The Mighty Mighty Bosstones. Reel Big Fish. No Doubt. Streetlight Manifesto.
These iconic bands represent the ska music genre with their exuberant horns, off-beat drums, and dance-ready melodies.
In this guide, we will dive into what ska music is and its history, discuss some of its most popular and influential artists, as well as how it came to exist in its current form.
So, what exactly is ska music? A good ska music definition would describe it as a complex style of music with a rich history and a plethora of cultural influences. Ska is best known as an urban-pop style of music that originated in Jamaica in the late 1950s and has evolved to have off-shoots in reggae, rocksteady, and punk.
This unique music style was born from a wide range of influences, including American jazz and rhythm and blues, specifically New Orleans R&B, Caribbean folk music, calypso, and traditional Jamaican dance music called Mento.
Mento, which came to prominence just before the emergence of ska in the 1940s, featured acoustic instruments and songs that focused on social issues like poverty.
Calypso comes from the islands of Trinidad and Tobago and features tropical sounds and lyrics about poverty and social issues, all with a humorous slant. It is often confused with mento music; however, the two are very different.
Ska takes elements of both of these distinct music styles, combining instruments like the trumpet, trombone, saxophone, guitar, bass, piano, and snare drums to create its signature sound.
Ska music has an incredibly specific sound, with several key elements contributing.
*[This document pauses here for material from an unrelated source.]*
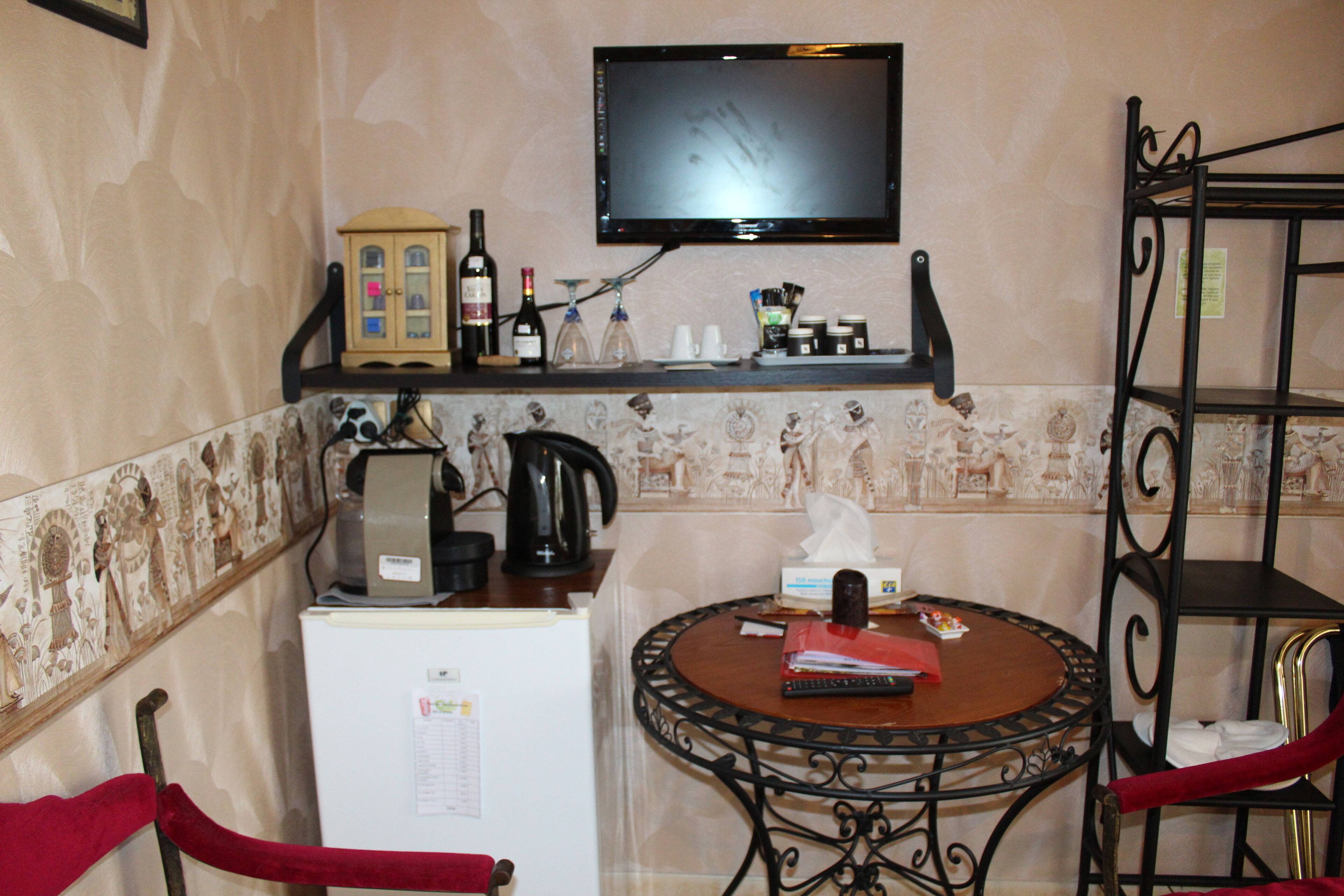 A small kitchen with a refrigerator, a coffee maker, a wine bottle, and a television mounted on the wall.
Ska songs are almost always written in 4/4 time, with an emphasis on beats two and four (the backbeat). It has a fast pace to it, due to its roots as a dance genre.
Ska guitarists contribute by playing on the off-beats. This method is derived from Jamaican mento and Caribbean calypso music, and doing so creates the bouncy rhythm that ska music is known for. This style of playing is even called the ska upstroke, and it is an extremely percussive style of playing.
The horn section in ska bands is heavily featured. Made up of trumpets, alto saxophones, and trombones, they are largely responsible for providing instrumental riffs between vocals, so there is an even trade between melody from the singer and melody from the horns.
Although modern-day ska has lyrical topics that run the gamut from love songs to protest songs, traditional ska songs focused on social justice. Racial integration and equality were also huge topics ska music broached in the first and second waves, which we will touch on momentarily.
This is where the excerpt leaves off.